Saturday, April 4, 2009

Moving into the 1700's...?

As much as I love the early 1800's, I have recently found myself wandering into the realm of the 1700's, mostly 1750 on, although I am sure I will eventually drift further backwards in the century...but for now, my fuzzy-focus has been on the latter half. I'm not at the point where I want to dive right into a new gown project (although I do have some future project ideas), however I have been working on getting the foundation pieces together. So, where better to begin than with a nice 1776 corset?

This is my third corset now, and only the second one that really required any serious boning.

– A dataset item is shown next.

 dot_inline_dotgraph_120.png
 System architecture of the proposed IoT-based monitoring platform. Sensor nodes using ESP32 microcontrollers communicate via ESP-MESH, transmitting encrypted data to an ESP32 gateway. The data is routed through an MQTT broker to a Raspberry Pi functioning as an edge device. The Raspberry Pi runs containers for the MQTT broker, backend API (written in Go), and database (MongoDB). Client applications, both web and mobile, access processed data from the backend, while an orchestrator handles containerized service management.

My first corset, which has yet to get its own blog entry, was an early Victorian (er, I thin knowledge of the Victorian era is a little thin) which I bought an entire kit for, with coutil, busk, bones and boning tape all included. Yay! It was nice and easy, but not really cheep. For this corset (or stays really), I didn't want to spend $50+. Since it doesn't have a busk, and I don't do metal grommets if I can help it, it was already going to be cheaper.

What I ended up using, happily, was:

-My first-ever Corsets and Crinolines (by Norah Waugh) pattern! yay! This time, I used a scanner and some tabloid paper to scale up the pattern pieces, and it worked very well. Much, much easier than scaling by hand. I think I will be using the computer from now on for this process whenever possible.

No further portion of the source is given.